Sortir de l’immobilisme
Pour convaincre les collectivités de densifier des réseaux existants, d’y raccorder de nouveaux bâtiments – à Paris par exemple des milliers d’entre eux sont toujours dotés de chaudières au fioul – l’Ademe, avec ses directions régionales, est prête à prendre son bâton de pèlerin. “Il nous faut aller chercher des projets sur les territoires”, motive son président Arnaud Leroy. Et faire preuve d’innovation dans l’approche. Nombre de villes, de taille moyenne notamment, ne sont toujours pas dotées d’un réseau de chaleur. “Nous les démarcherons plus systématiquement qu’avant avec l’appui d’Amorce et du Cerema. Le but est de rencontrer entre 60 et 80 collectivités par an”, précise Rémi Chabrillat, directeur productions et énergies durables à l’Ademe. “Nous apporterons notre savoir-faire et notre expertise pour aider à transformer cette hausse du budget fonds chaleur en réels projets pertinents et durables”, confirme Nicolas Garnier, délégué général d’Amorce.

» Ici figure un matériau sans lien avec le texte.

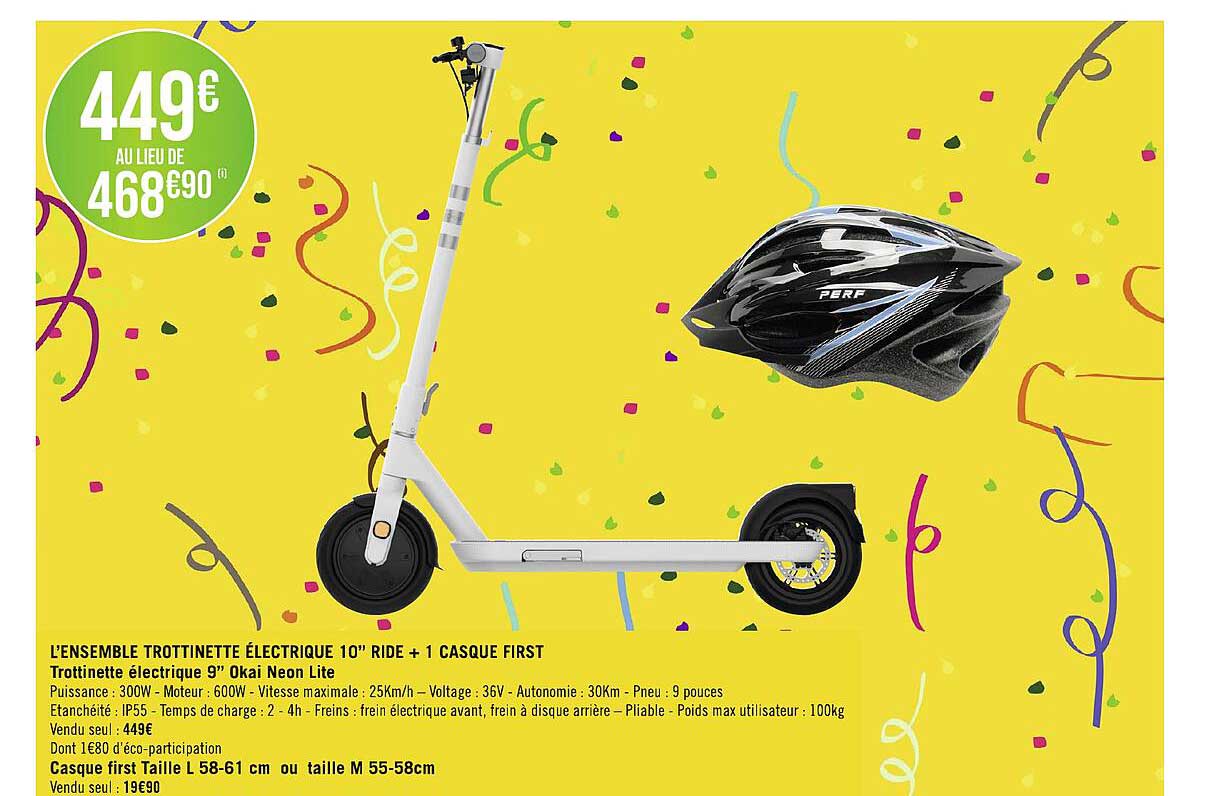 l'ensemble trottinette électrique 10" ride + 1 casque first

Une énergie à dimension sociale
Lors d’un raccordement, le génie civil et les canalisations génèrent des coûts importants. Le choix de l’implantation est essentiel, la densité de consommation aussi : chaque mètre doit alimenter le plus de clients possible. D’où l’importance d’associer en amont les acteurs locaux et le secteur privé, les entreprises, commerces et hôtels de la ville ou du quartier pour se mettre autour de la table et vérifier si le seuil de rentabilité du projet a des chances d’être atteint. Sans oublier, dans l’habitat social, d’associer les habitants et locataires dans le cadre d’une consultation. Une majorité de logements desservis par des réseaux de chaleur sont en effet des logements sociaux. C’est le cas à Sevran, en Seine-Saint-Denis : “Dans ces projets, la dimension sociale est très forte. Nous avons remplacé il y a trois ans le fioul et le gaz par du bois pour alimenter notre réseau de chaleur desservant 4.800 habitants de quartiers Politique de la ville. Pour eux, l’énergie devient moins coûteuse. Cela contribue aussi à soutenir l’économie locale et à créer des emplois pour gérer la chaufferie biomasse et livrer le bois”, conclut lors d’une visite de site Jean-François Baillon, l’élu en charge des politiques de l’emploi et de l’insertion dans cette ville.